- _SUPPLIED ENTRIES_:
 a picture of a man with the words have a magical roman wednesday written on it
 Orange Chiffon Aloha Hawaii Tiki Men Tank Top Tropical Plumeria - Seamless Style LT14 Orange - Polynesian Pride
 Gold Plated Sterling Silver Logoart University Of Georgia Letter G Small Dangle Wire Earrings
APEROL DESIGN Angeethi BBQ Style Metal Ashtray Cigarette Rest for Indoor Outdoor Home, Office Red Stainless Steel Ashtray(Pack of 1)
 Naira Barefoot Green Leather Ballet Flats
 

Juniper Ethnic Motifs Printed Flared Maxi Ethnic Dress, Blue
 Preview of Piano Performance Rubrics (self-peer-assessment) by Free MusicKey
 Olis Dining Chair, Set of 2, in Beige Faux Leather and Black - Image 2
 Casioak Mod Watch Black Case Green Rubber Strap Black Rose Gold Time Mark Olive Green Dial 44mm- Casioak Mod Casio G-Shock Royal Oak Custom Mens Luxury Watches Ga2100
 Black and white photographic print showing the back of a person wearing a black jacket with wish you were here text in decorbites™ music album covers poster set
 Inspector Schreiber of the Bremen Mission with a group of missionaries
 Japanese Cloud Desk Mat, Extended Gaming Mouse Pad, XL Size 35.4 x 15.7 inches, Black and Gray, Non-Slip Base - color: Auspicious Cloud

- _EXERCISE_: Write out, exactly as given, the line containing "APEROL DESIGN Angeethi" and every line after it to the end of the records. Include nothing else.

- _RESULT OF THE TASK_:
APEROL DESIGN Angeethi BBQ Style Metal Ashtray Cigarette Rest for Indoor Outdoor Home, Office Red Stainless Steel Ashtray(Pack of 1)
 Naira Barefoot Green Leather Ballet Flats
 

Juniper Ethnic Motifs Printed Flared Maxi Ethnic Dress, Blue
 Preview of Piano Performance Rubrics (self-peer-assessment) by Free MusicKey
 Olis Dining Chair, Set of 2, in Beige Faux Leather and Black - Image 2
 Casioak Mod Watch Black Case Green Rubber Strap Black Rose Gold Time Mark Olive Green Dial 44mm- Casioak Mod Casio G-Shock Royal Oak Custom Mens Luxury Watches Ga2100
 Black and white photographic print showing the back of a person wearing a black jacket with wish you were here text in decorbites™ music album covers poster set
 Inspector Schreiber of the Bremen Mission with a group of missionaries
 Japanese Cloud Desk Mat, Extended Gaming Mouse Pad, XL Size 35.4 x 15.7 inches, Black and Gray, Non-Slip Base - color: Auspicious Cloud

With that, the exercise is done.